EXERCISE AIM: The output must contain exactly the lines from the top of the listing below through the line containing "In our third", and no pictures.

DATA BELOW:

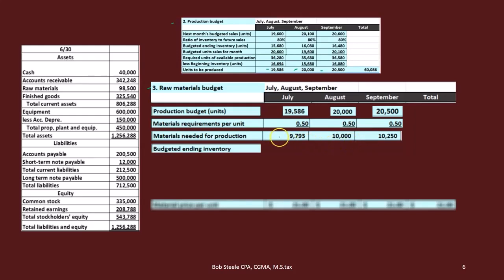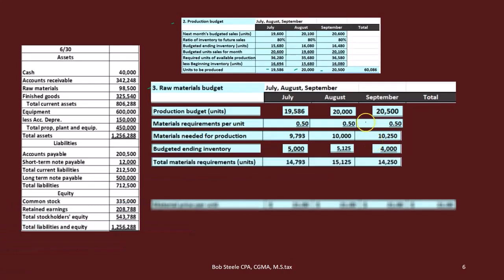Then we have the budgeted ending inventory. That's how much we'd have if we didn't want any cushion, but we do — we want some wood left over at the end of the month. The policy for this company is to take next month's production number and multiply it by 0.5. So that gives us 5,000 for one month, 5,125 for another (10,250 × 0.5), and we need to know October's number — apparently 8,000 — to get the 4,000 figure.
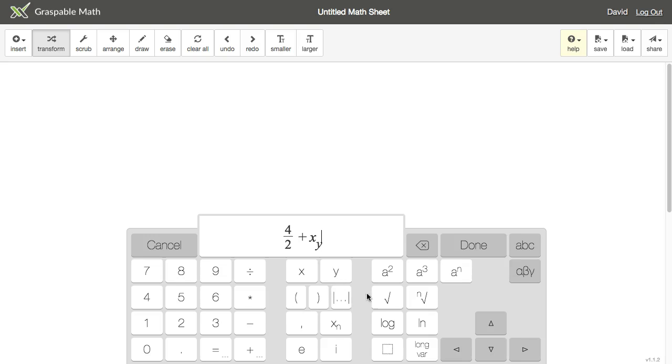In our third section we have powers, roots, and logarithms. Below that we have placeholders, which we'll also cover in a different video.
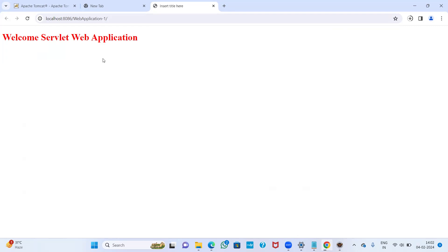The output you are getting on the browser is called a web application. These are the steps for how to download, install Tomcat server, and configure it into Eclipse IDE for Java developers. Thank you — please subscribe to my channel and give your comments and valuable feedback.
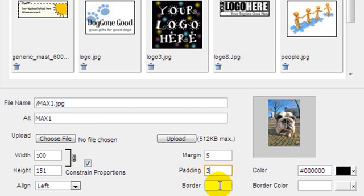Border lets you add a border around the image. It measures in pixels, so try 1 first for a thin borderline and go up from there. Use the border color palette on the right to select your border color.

EXERCISE RESPONSE:
Then we have the budgeted ending inventory. That's how much we'd have if we didn't want any cushion, but we do — we want some wood left over at the end of the month. The policy for this company is to take next month's production number and multiply it by 0.5. So that gives us 5,000 for one month, 5,125 for another (10,250 × 0.5), and we need to know October's number — apparently 8,000 — to get the 4,000 figure.
In our third section we have powers, roots, and logarithms. Below that we have placeholders, which we'll also cover in a different video.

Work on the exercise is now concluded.